Professor Bailey is a world authority on the archaeology of prehistoric coastlines and submerged landscapes, and has an international reputation for interdisciplinary collaboration across the boundary between archaeology and the marine and terrestrial geosciences.

He joined York in 2004 after a career in the Universities of Cambridge and Newcastle, and is currently Principal Investigator of the European Research Council-funded DISPERSE project – Dynamic Landscapes, Coastal Environments and Human Dispersals – with Geoffrey King of the Institut de Physique du Globe de Paris and an international team of specialists. They are investigating the impact of physical landscape change on human evolution and dispersal over the past 1 million years in Africa, the Arabian Peninsula, the Near East and Australia, developing new methods of landscape reconstruction and archaeological survey using satellite imagery, tectonic geomorphology and underwater mapping.    

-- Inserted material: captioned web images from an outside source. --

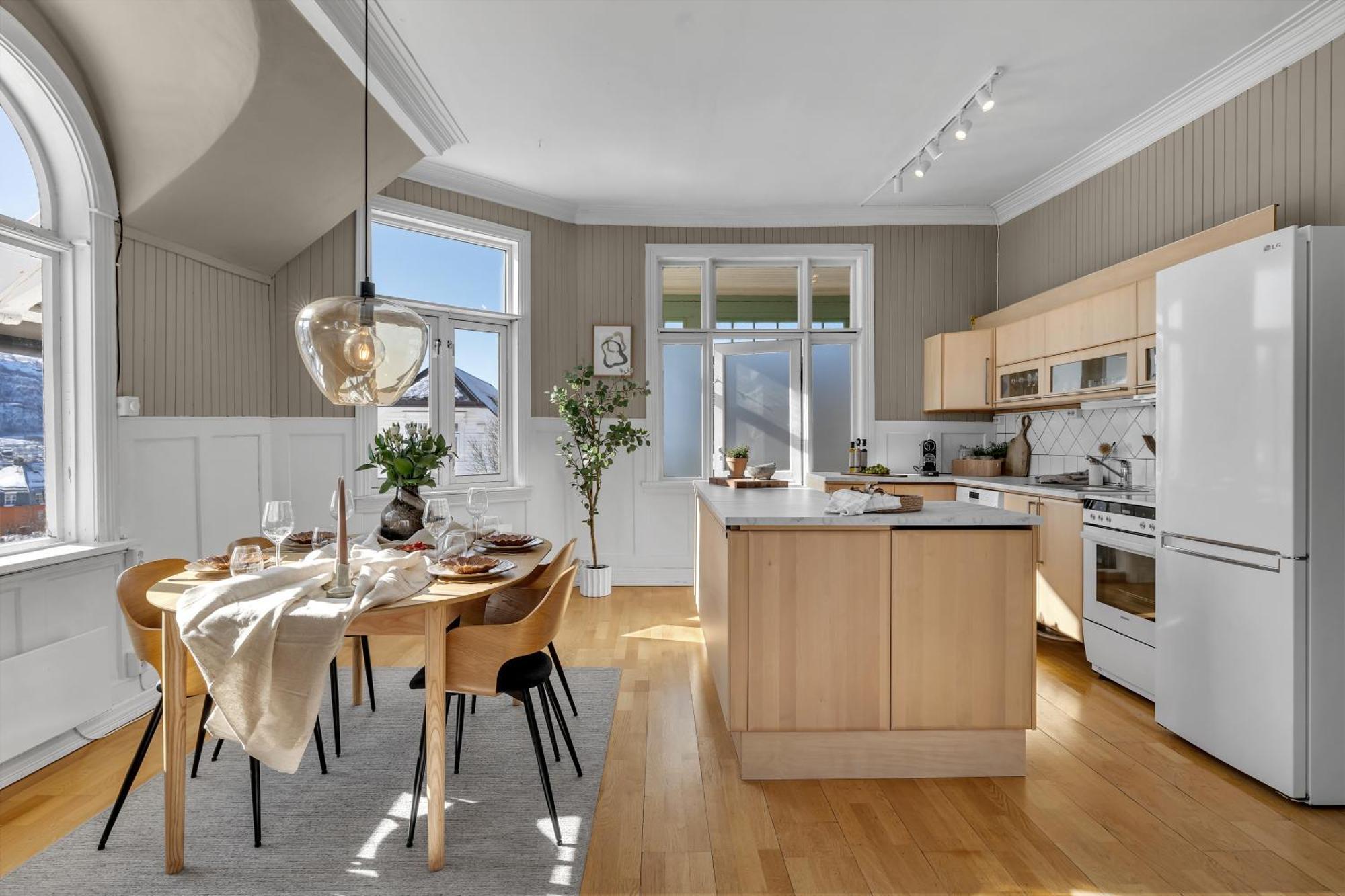 Lovely City Center Apartment With Amazing Views And Free Parking! Tromso Ngoại thất bức ảnh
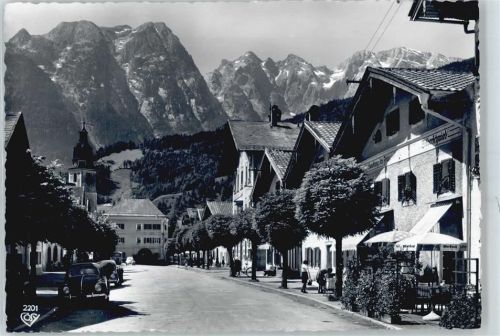 Kuchl Fußgänger Auto Straße Berg Kirche
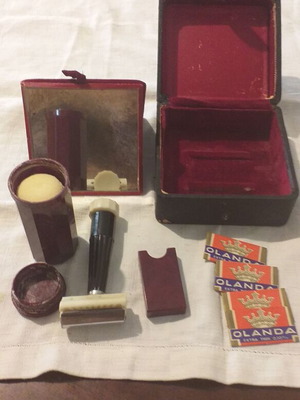 Rotbart collectible shaving set with mirror and case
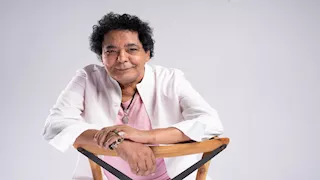 "ضي" و"بين البينين".. محمد منير يعود بقوة لنشاطه الفني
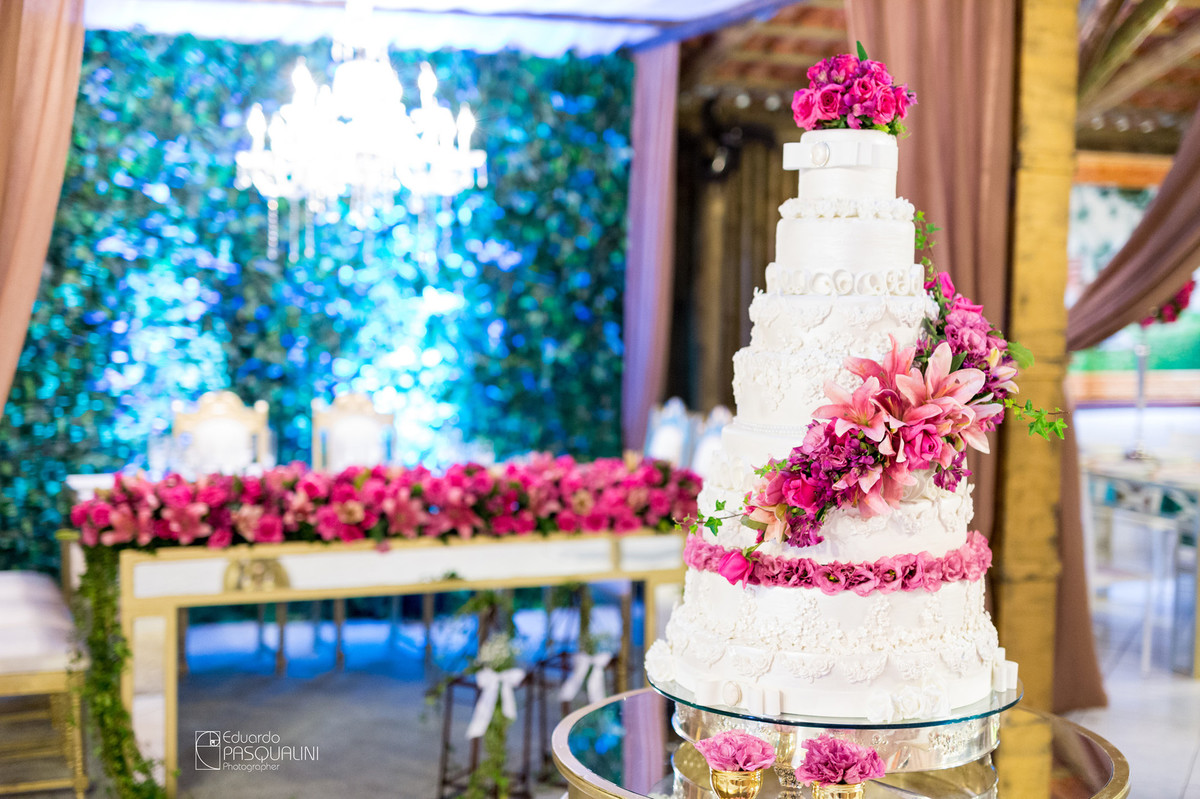 Grande bolo para casamento. Fotografia de Eduardo Pasqualini, fotógrafo de casamentos e ensaios em Rio do Sul, Santa Catarina.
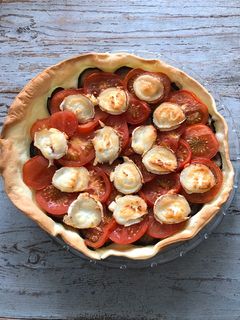 Une photo de Tarte tomates, aubergines et chèvre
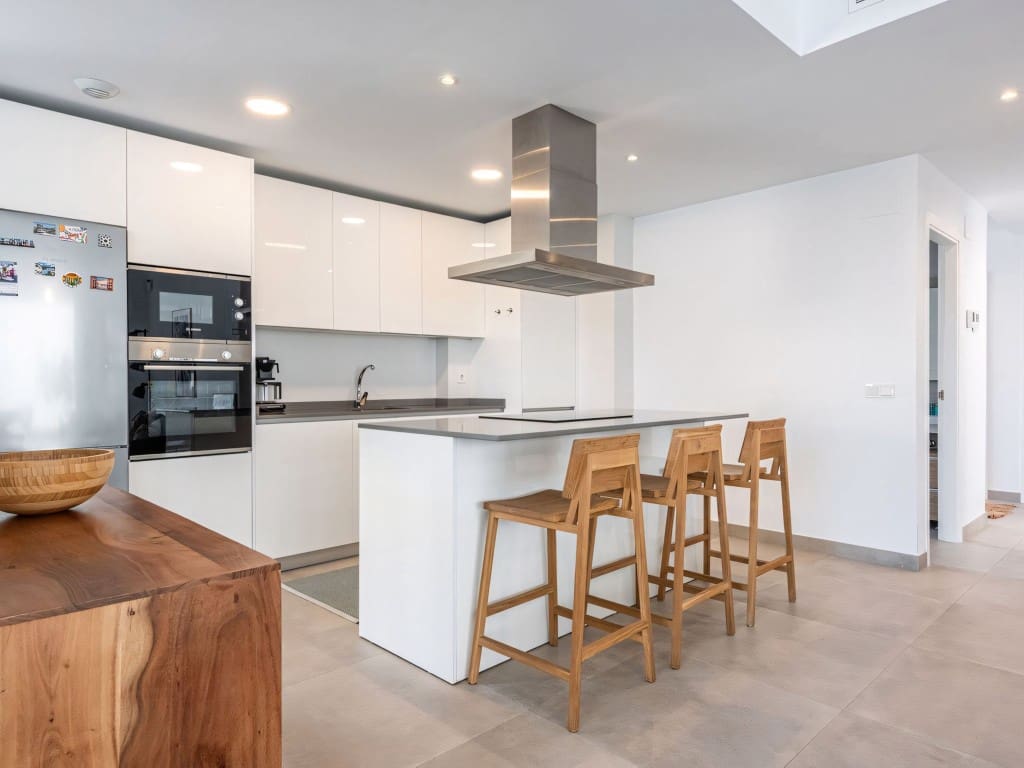 2 Zimmer Apartment zu verkaufen in Fuengirola mit Pool - 479.000 € (Ref: 9162078)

Professor Bailey is also Chairman of SPLASHCOS – Submerged Prehistoric Archaeology and Landscapes of the Continental Shelf – with Dimitris Sakellariou of the Hellenic Centre for Marine Research. This is a 150-strong research network, funded by the EU as a Trans-Domain COST Action, with members in 25 European States drawn from archaeology, marine geosciences, heritage organisations and industry. It promotes research, training, better management and greater public awareness of the drowned landscapes of the continental shelf, their value as a hidden part of the human cultural heritage, and their significance as a source of new knowledge about sea-level change and its past and future social impact.

Professor Bailey said “I am delighted with this honour, which more than anything recognises the virtues of crossing traditional boundaries in the pursuit of new knowledge, the central role of archaeology in addressing both fundamental and policy-relevant research into the human condition, and the growing importance of multi-national funding and collaboration in supporting such endeavours."